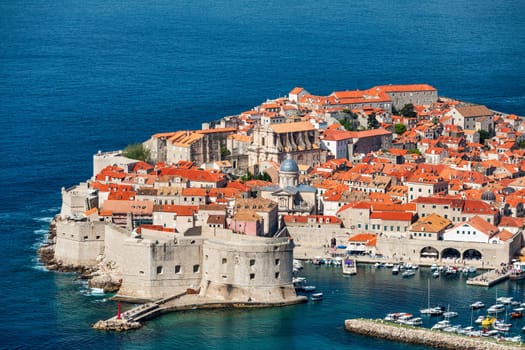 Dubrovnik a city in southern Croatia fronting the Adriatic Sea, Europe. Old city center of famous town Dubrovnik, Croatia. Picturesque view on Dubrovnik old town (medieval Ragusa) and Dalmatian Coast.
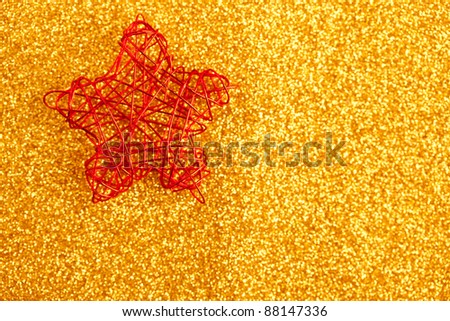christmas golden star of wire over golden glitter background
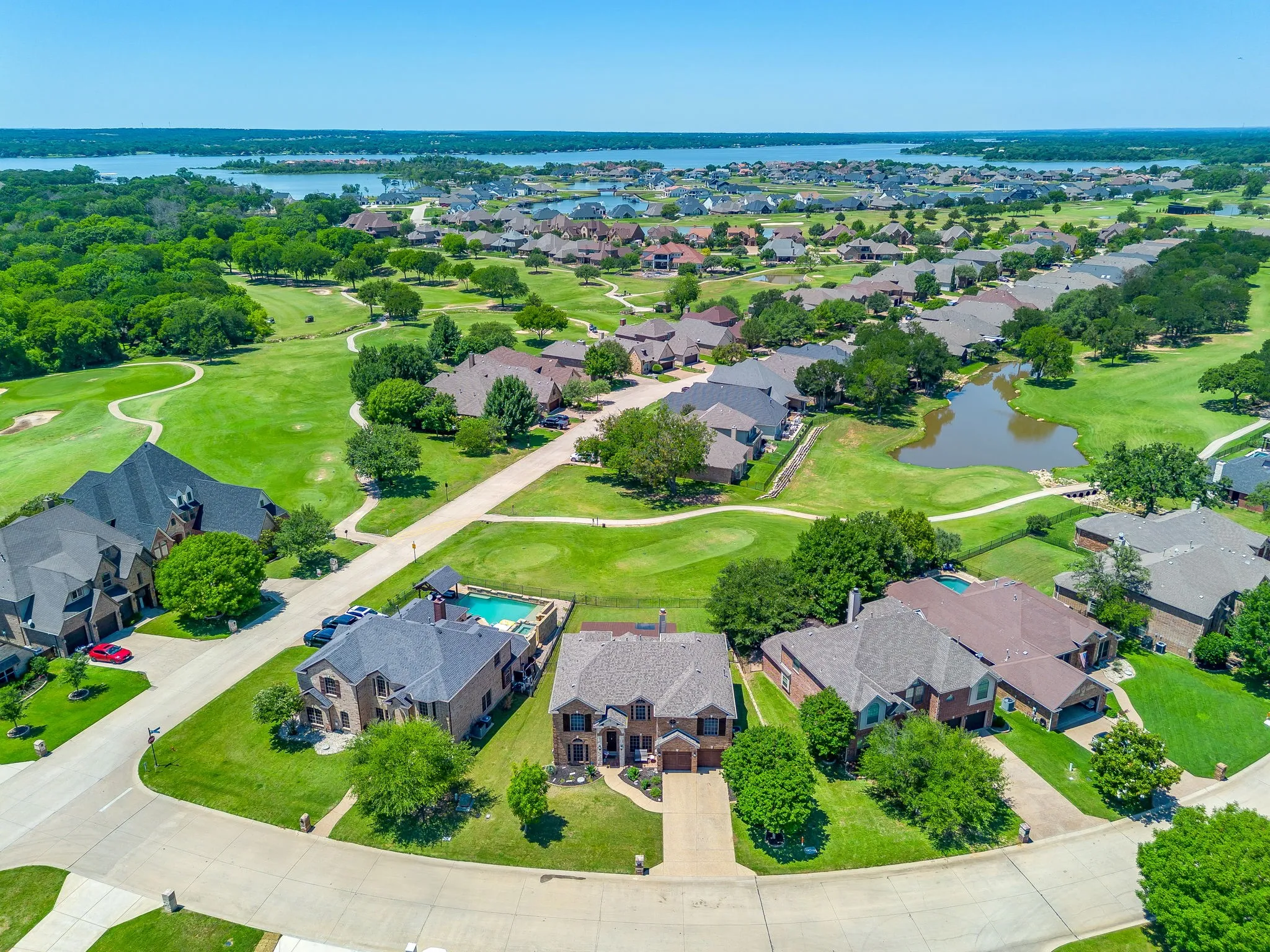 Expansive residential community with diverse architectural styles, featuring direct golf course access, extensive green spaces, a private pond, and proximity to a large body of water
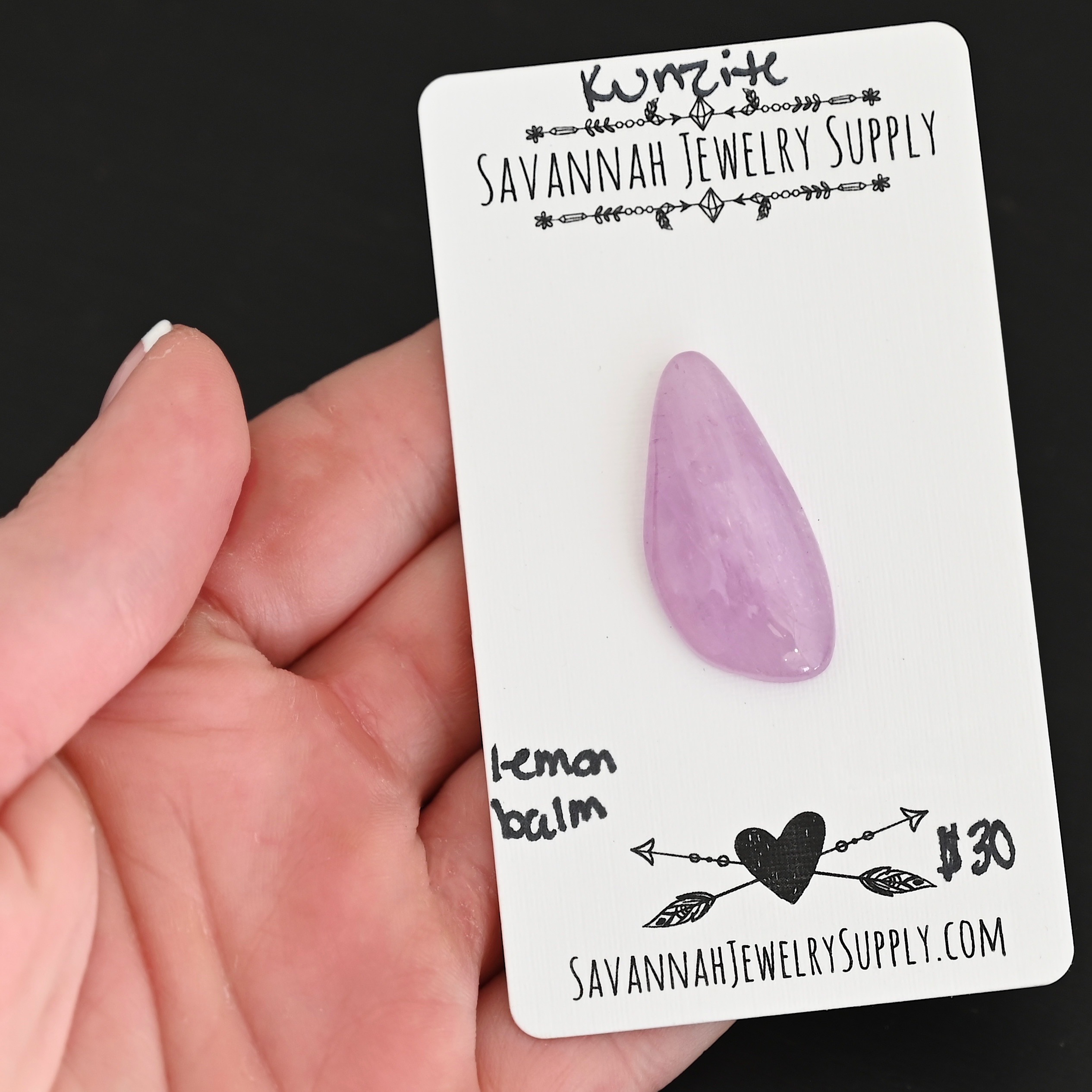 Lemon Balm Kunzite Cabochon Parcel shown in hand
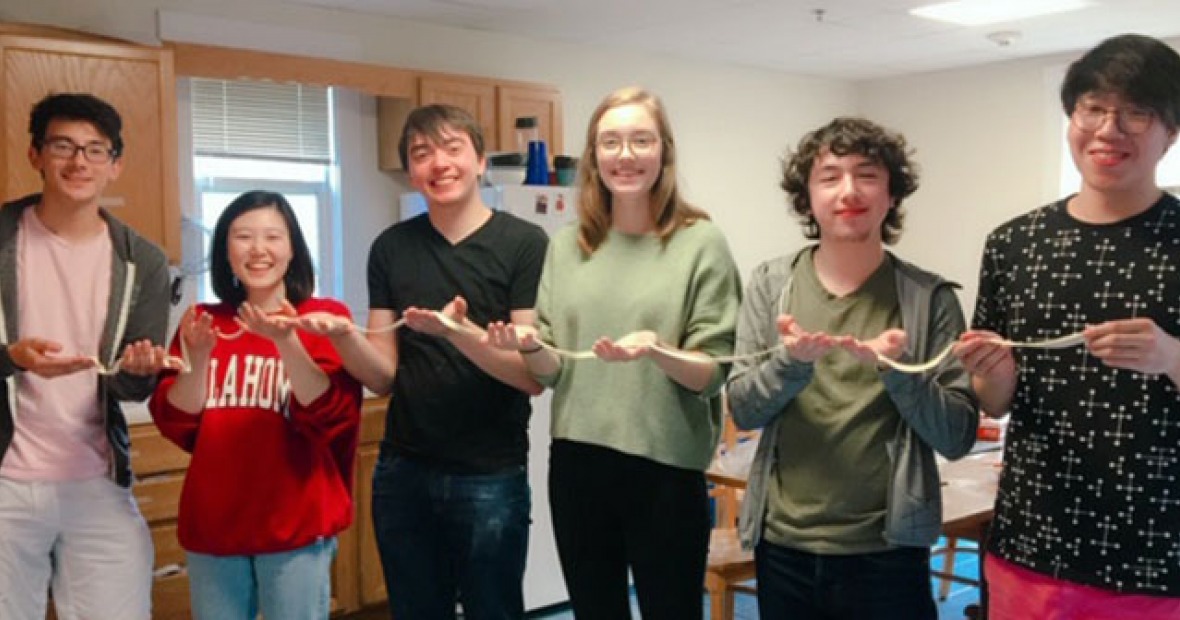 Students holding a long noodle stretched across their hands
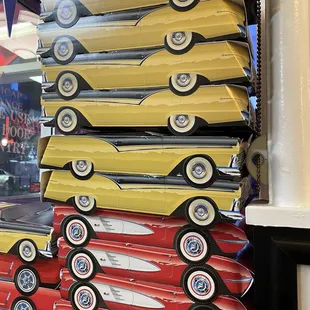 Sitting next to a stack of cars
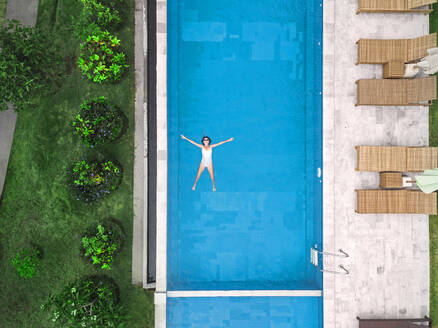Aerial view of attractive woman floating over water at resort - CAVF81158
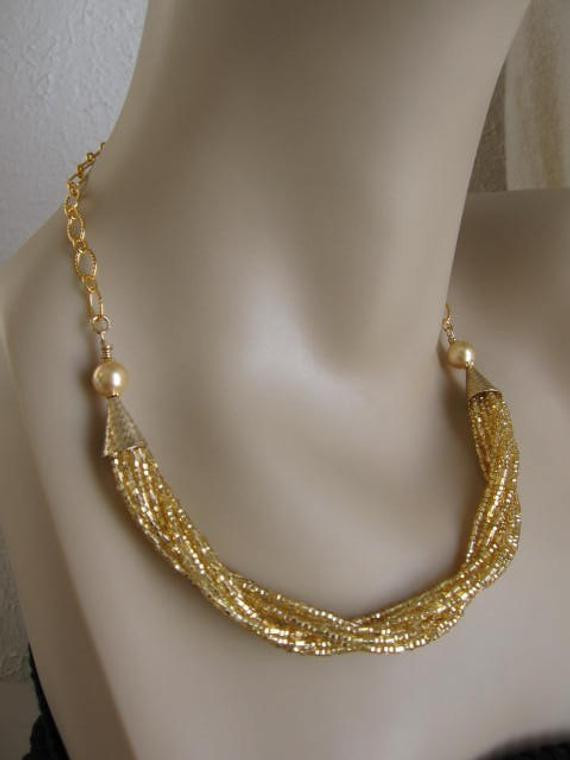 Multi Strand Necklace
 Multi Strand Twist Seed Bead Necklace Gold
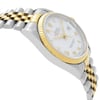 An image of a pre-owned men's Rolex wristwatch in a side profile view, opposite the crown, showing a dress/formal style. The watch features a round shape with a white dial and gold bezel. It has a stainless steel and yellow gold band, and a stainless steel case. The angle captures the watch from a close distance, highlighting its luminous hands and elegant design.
**********
▶ **Task objective**: Repeat each entry above exactly. Omit the pictures.

▶ **Written answer**:
 Dubrovnik a city in southern Croatia fronting the Adriatic Sea, Europe. Old city center of famous town Dubrovnik, Croatia. Picturesque view on Dubrovnik old town (medieval Ragusa) and Dalmatian Coast.
christmas golden star of wire over golden glitter background
 Expansive residential community with diverse architectural styles, featuring direct golf course access, extensive green spaces, a private pond, and proximity to a large body of water
 Lemon Balm Kunzite Cabochon Parcel shown in hand
 Students holding a long noodle stretched across their hands
 Sitting next to a stack of cars
Aerial view of attractive woman floating over water at resort - CAVF81158
 Multi Strand Necklace
 Multi Strand Twist Seed Bead Necklace Gold
 An image of a pre-owned men's Rolex wristwatch in a side profile view, opposite the crown, showing a dress/formal style. The watch features a round shape with a white dial and gold bezel. It has a stainless steel and yellow gold band, and a stainless steel case. The angle captures the watch from a close distance, highlighting its luminous hands and elegant design.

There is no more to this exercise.